In the second snippet of code, you tried to target a 64-bit architecture (x86-64). Now, you no longer have to write 64-bit values in two 32-bit halves, since 64-bit architectures natively support 64-bit integers. You have 64-bit wide registers available, and you can write a 64-bit chunk to memory directly. Take advantage of that to simplify (and speed up) the code.

The 64-bit registers are Rxx instead of Exx. When you use QWORD PTR, you will want to use Rxx; when you use DWORD PTR, you will want to use Exx. Both are legal in 64-bit code, but only 32-bit DWORDs are legal in 32-bit code.

A couple of other things to note:

  1. Although it is perfectly valid to clear a register using MOV xxx, 0, it is smaller and faster to use XOR eax, eax, so this is generally what you should write. It is a very old trick, something that any assembly-language programmer should know, and if you ever try to read other people's assembly programs, you'll need to be familiar with this idiom. (But actually, in the code you're writing, you don't need to do this at all. For the reason why, see point #2.)

  2. In 64-bit mode, all instructions implicitly zero the upper 32 bits when writing the lower 32 bits, so you can simply write XOR eax, eax instead of XOR rax, rax. This is, again, smaller and faster.

  3. The calling convention for 64-bit programs is different than the one used in 32-bit programs. The exact specification of the calling convention is going to vary, depending on which operating system you're using. As Peter Cordes commented, there is information on this in the x86 tag wiki. Both Windows and Linux x64 calling conventions pass at least the first 4 integer parameters in registers (rather than on the stack like the x86-32 calling convention), but which registers are actually used is different. Also, the 64-bit calling conventions have different requirements than do the 32-bit calling conventions for how you must set up the stack before calling functions.

(Since your screenshot says something about "MASM", I'll assume that you're using Windows in the sample code below.)

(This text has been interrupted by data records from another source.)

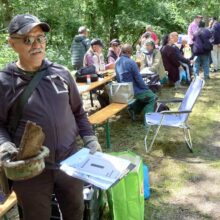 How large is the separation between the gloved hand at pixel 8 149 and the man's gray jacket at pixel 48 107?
4 centimetres

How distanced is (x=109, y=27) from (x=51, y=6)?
244 centimetres

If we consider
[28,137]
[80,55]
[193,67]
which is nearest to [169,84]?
[193,67]

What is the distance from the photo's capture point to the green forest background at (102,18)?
13.9 m

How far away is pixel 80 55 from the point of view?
28.9 feet

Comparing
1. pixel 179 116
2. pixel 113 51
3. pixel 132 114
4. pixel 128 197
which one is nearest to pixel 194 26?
pixel 113 51

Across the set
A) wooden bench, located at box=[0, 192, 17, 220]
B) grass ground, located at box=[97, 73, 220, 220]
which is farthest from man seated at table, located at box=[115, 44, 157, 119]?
wooden bench, located at box=[0, 192, 17, 220]

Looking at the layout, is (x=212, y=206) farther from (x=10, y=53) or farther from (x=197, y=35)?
(x=10, y=53)

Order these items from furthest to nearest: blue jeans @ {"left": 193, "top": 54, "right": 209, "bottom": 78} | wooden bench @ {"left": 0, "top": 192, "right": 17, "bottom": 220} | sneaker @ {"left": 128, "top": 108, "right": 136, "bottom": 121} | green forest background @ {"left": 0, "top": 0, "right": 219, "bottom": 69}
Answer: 1. green forest background @ {"left": 0, "top": 0, "right": 219, "bottom": 69}
2. blue jeans @ {"left": 193, "top": 54, "right": 209, "bottom": 78}
3. sneaker @ {"left": 128, "top": 108, "right": 136, "bottom": 121}
4. wooden bench @ {"left": 0, "top": 192, "right": 17, "bottom": 220}

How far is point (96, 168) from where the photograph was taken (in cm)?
221

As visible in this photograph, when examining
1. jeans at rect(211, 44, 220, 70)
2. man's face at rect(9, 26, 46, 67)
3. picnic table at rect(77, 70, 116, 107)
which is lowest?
jeans at rect(211, 44, 220, 70)

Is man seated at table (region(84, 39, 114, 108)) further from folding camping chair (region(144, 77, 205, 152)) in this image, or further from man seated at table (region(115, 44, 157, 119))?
folding camping chair (region(144, 77, 205, 152))

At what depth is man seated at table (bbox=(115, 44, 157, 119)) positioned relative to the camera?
604cm

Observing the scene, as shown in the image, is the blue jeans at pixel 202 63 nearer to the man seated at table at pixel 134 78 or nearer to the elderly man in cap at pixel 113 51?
the elderly man in cap at pixel 113 51

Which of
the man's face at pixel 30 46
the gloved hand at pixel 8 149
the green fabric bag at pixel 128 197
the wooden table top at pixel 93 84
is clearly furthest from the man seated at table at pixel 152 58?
the gloved hand at pixel 8 149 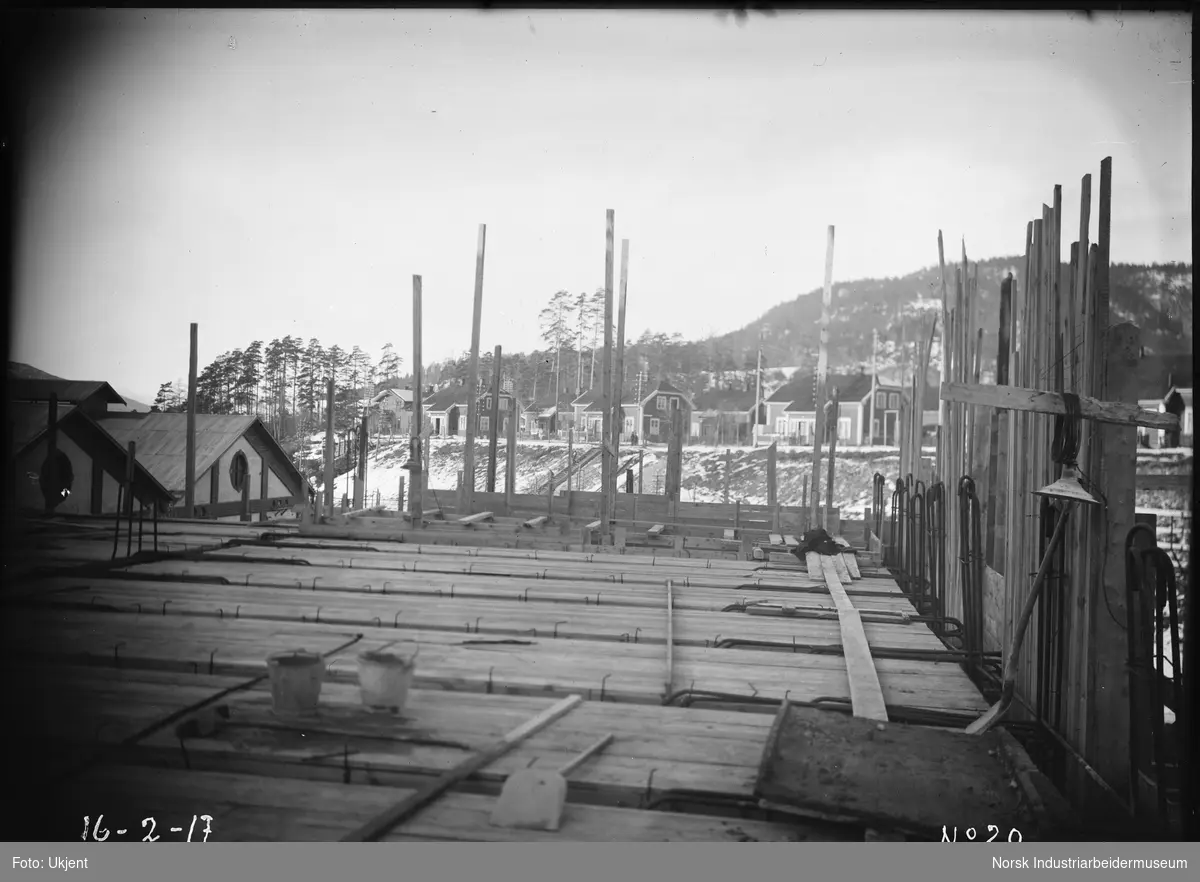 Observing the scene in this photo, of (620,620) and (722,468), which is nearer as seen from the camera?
(620,620)

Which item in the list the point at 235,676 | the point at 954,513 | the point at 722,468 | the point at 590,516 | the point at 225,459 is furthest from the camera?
the point at 722,468

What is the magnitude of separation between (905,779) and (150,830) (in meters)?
1.93

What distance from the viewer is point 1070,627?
2775 mm

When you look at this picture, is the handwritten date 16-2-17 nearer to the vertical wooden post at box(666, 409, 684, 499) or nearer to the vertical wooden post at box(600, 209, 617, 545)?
the vertical wooden post at box(600, 209, 617, 545)

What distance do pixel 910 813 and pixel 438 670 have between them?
142 cm

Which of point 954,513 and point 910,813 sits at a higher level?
point 954,513

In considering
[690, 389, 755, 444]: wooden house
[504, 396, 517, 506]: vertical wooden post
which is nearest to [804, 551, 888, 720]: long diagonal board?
[504, 396, 517, 506]: vertical wooden post

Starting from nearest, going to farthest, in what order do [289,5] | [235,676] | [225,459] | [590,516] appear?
[235,676] < [289,5] < [225,459] < [590,516]

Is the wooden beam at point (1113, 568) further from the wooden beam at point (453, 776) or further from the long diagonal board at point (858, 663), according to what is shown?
the wooden beam at point (453, 776)

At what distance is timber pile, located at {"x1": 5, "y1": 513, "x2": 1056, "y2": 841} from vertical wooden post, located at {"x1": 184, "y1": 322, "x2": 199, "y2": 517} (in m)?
0.29

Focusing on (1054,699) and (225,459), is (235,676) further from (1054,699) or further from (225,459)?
(1054,699)

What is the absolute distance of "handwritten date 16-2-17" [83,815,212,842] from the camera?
81.4 inches

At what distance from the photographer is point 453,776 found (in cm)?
206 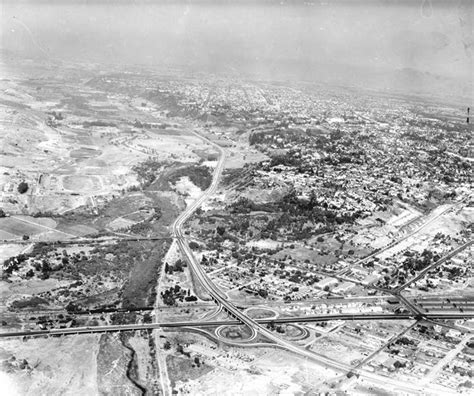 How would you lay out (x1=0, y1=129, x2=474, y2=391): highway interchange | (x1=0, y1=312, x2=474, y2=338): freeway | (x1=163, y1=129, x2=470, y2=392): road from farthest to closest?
(x1=0, y1=312, x2=474, y2=338): freeway < (x1=0, y1=129, x2=474, y2=391): highway interchange < (x1=163, y1=129, x2=470, y2=392): road

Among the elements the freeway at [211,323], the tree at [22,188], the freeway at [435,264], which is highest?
the freeway at [211,323]

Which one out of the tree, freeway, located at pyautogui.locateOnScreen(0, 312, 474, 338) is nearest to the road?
freeway, located at pyautogui.locateOnScreen(0, 312, 474, 338)

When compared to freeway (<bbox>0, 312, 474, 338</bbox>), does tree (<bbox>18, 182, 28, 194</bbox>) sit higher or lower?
lower

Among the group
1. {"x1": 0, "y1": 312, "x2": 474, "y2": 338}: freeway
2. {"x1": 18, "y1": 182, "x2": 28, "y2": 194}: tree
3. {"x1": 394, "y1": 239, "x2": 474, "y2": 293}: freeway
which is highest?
{"x1": 0, "y1": 312, "x2": 474, "y2": 338}: freeway

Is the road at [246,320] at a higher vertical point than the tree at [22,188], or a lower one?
higher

; Set up the stack, as required by the Windows x64 calling convention.
; (Note that we use the 64-bit form of the instruction, with the RSP register,
; to support stack pointers larger than 32 bits.)
sub  rsp, 40

; Dynamically allocate 8 bytes of memory by calling malloc().
; (Note that the x64 calling convention passes the parameter in a register, rather
; than via the stack. On Windows, the first parameter is passed in RCX.)
; (Also note that we use the 32-bit form of the instruction here, storing the
; value into ECX, which is safe because it implicitly zeros the upper 32 bits.)
mov  ecx, 8
call malloc

; Write a single 64-bit value into memory.
; (The pointer to the memory block allocated by malloc() is returned in RAX.)
mov  qword ptr [rax], 1

; ... do whatever

; Clean up the stack space that we allocated at the top of the function.
add  rsp, 40

If you wanted to do this in 32-bit halves, even on a 64-bit architecture, you certainly could. That would look like the following:

sub  rsp, 40                   ; set up stack

mov  ecx, 8                    ; request 8 bytes
call malloc                    ; allocate memory

mov  dword ptr [eax],   1      ; write "1" into low 32 bits
mov  dword ptr [eax+4], 2      ; write "2" into high 32 bits

; ... do whatever

add  rsp, 40                   ; clean up stack

Note that these last two MOV instructions are identical to what you wrote in the 32-bit version of the code. That makes sense, because you're doing exactly the same thing.

The reason the code you originally wrote didn't work is because EAX doesn't contain a QWORD PTR, it contains a DWORD PTR. Hence, the assembler generated the "invalid instruction operands" error, because there was a mismatch. This is the same reason that you don't offset by 8, because a DWORD PTR is only 4 bytes. A QWORD PTR is indeed 8 bytes, but you don't have one of those in EAX.

Or, if you wanted to write 16 bytes:

sub  rsp, 40                   ; set up stack

mov  ecx, 16                   ; request 16 bytes
call malloc                    ; allocate memory

mov  qword ptr [rax],   1      ; write "1" into low 64 bits
mov  qword ptr [rax+8], 2      ; write "2" into high 64 bits

; ... do whatever

add  rsp, 40                   ; clean up stack

Compare these three snippets of code, and make sure you understand the differences and why they need to be written as they are!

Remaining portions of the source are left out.